The original talk is republished by EE Magazine in three parts. Part 2 is here. Part 3 is here.
Uniting Leaders to Craft the Organizations of the Future
A Pilgrimage of Learning
Thank you very much! What a pleasure to be here today with all of you, fellow travellers on a pilgrimage of learning towards a hopefully more teal new normal.
For those of you who don’t know me, I am passionate about personal and organisational transformation. During the last 25 years, I have worked in non-profit, start-ups and major global companies and I have made it my purpose to create better organisations. And I do feel there is still a lot for us to do –
Whilst this so-called Fourth Industrial Revolution is literally “taking the world by its ears”, our organisations have collectively produced numerous outcomes that nobody really wanted —burnout and loneliness, inequality and hunger, and ecological collapse. And by some estimates, more than 7 trillion dollars are wasted every single year, globally, due to employee disengagement.
But I believe there is also hope. The winds of change have started blowing forcefully. This current crisis is bonding us all together, like never before, and is allowing us to collectively pause and reflect: Could we imagine a new normal where we all make a difference to people and planet through our daily work? Could we liberate our organisations to bring forth a more sustainable future? And indeed, could we unite to spark a fifth revolution of virtuous, passionate and unselfish leadership to make it happen? Join me on a momentous adventure to give it a try!
Our Call to AdventureSo, without further ado, let us weigh our virtual anchors and set forth together towards the mysterious seas of personal and organisational change, and like humble sailors, ride the waves towards six “ports of reflection” along our journey.
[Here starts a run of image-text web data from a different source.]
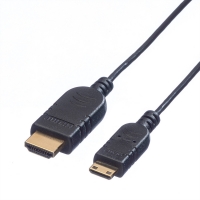 ROLINE Slim HDMI High Speed Cable + Ethernet, A - C, M/M, 1.2 m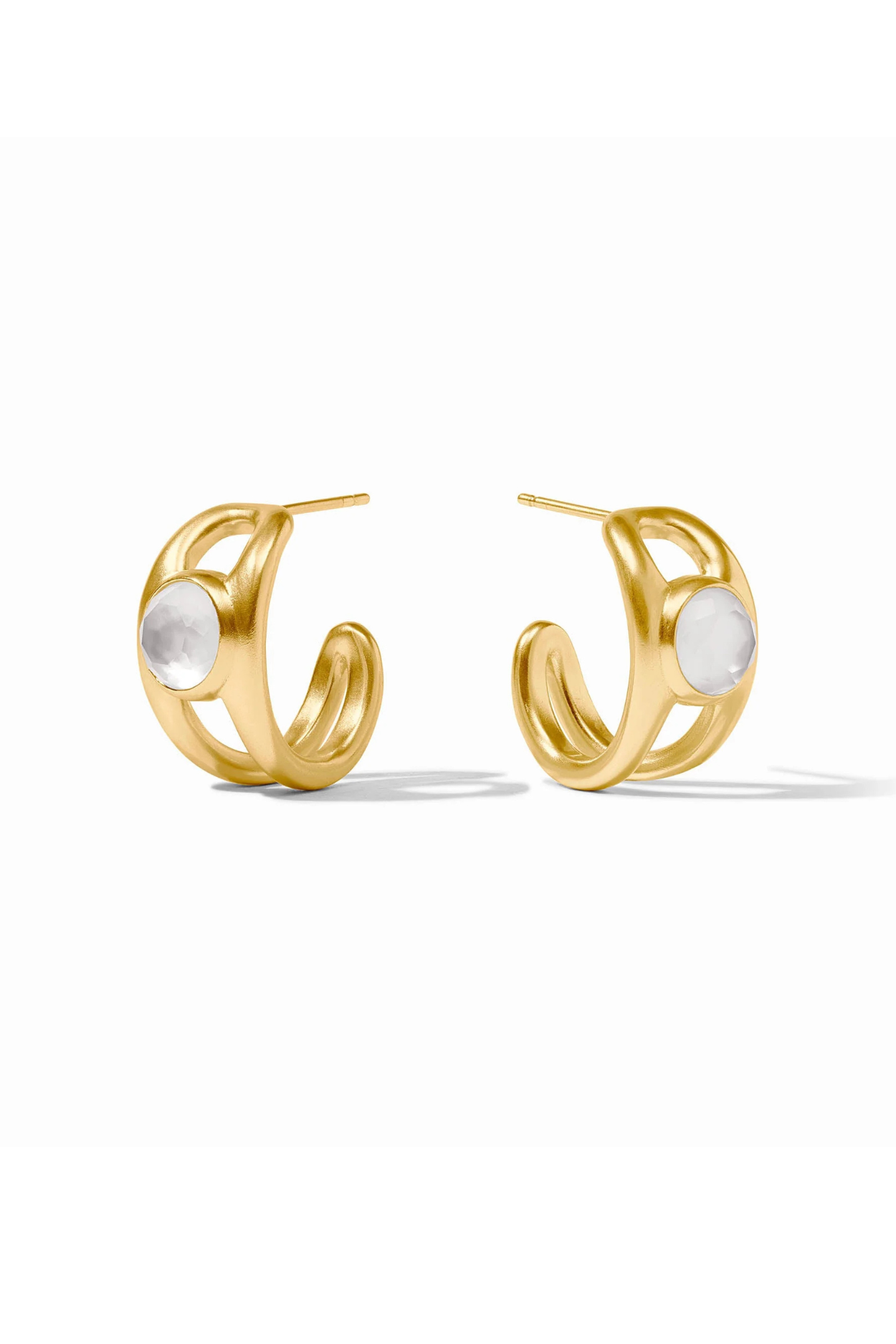 Laguna Stone Hoop - Iridescent Clear Crystal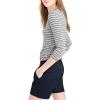 imageHybrid ampamp Company Womens Bermuda Walking Shorts Stretch 7 inch Inseam Super ComfyDenimdark Wash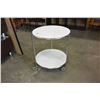 Image 2 : 2 TIER ROLLING GLASS TOP ENDTABLE ROUND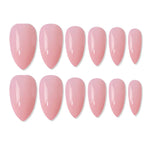 Thumbnail for shills professional reusable press on nails almond spn652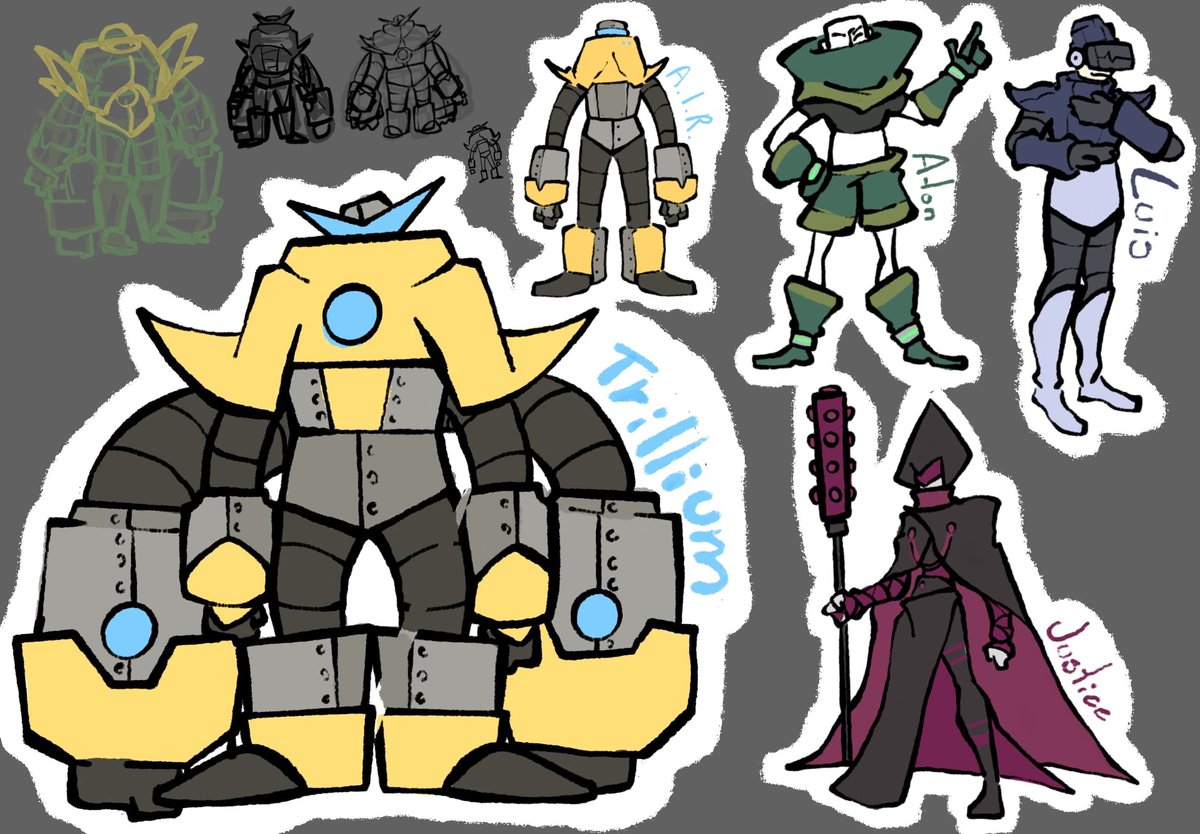 aton_o_fun's tweet image. Trillium&apos;s back was kinda of a new thing to me, since I actually never thought of it. I probably would do those vents better.
I like the new take on the big second arms set, with the 3 finger design (this image was basically the base for the 2 3D air designs)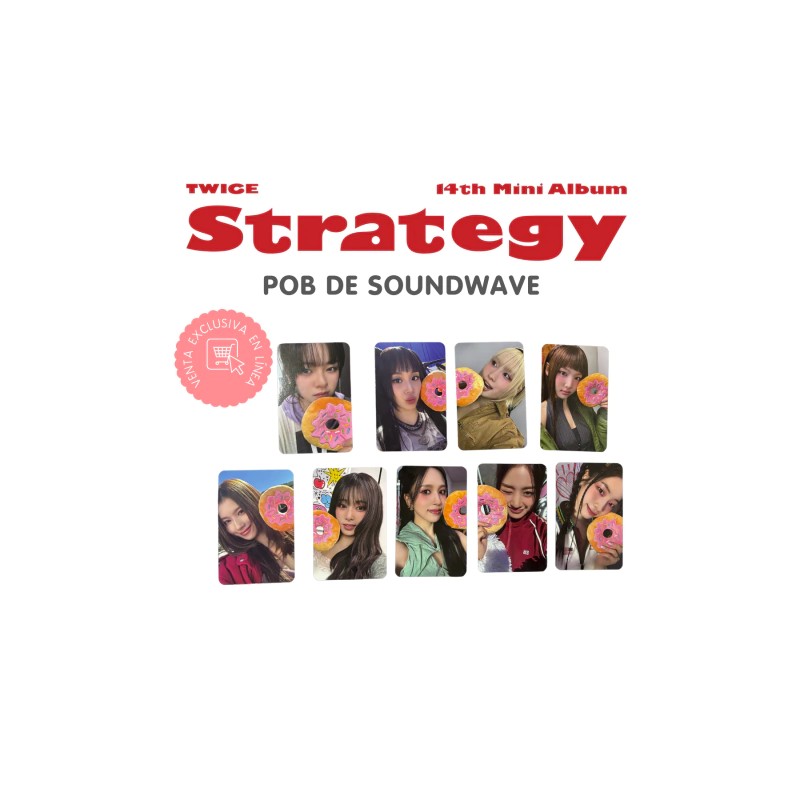 Twice Strategy Photocard POB Oficial de Soundwave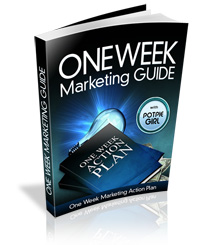 one week marketing plan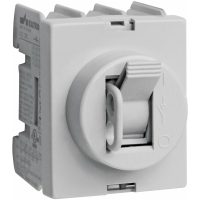 Huvudbrytare, 40A AC 22, vippa rund front MALMBERGS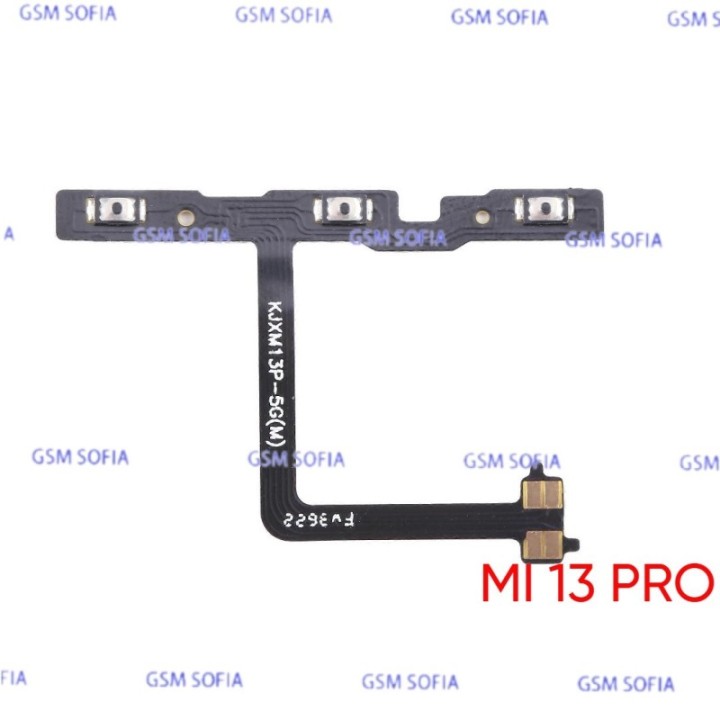 Flex Power + Volumen Para Xiaomi Mi 13 Pro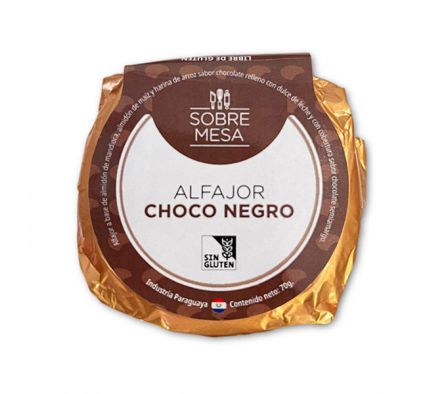 ALFAJOR SOBREMESA CHOCOLATE SEMIAMARG S/GLUTEN 70G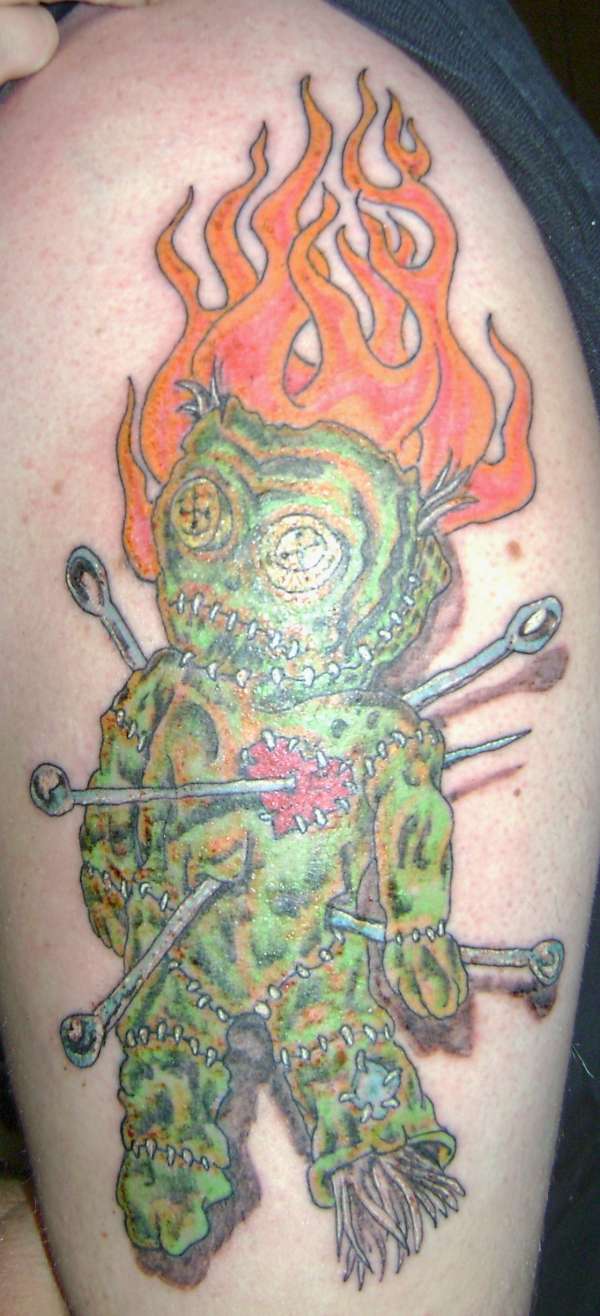 Voodoo doll tattoo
These relate to the why – our Values; the what – organisations, Individuals, Teams; and finally, the how – Leadership, from purpose to wider impact.
Port 1 – Values
Alas, before we even hoist our sails, we are already at our first port of reflection! As Steven Covey suggested: “Start with the end in mind”. If we embark on a voyage to reshape our world, we should first check our bearings. I do very often encounter people who tell me very earnestly that they deeply desire to become Agile or “Teal”, without ever asking themselves the question why.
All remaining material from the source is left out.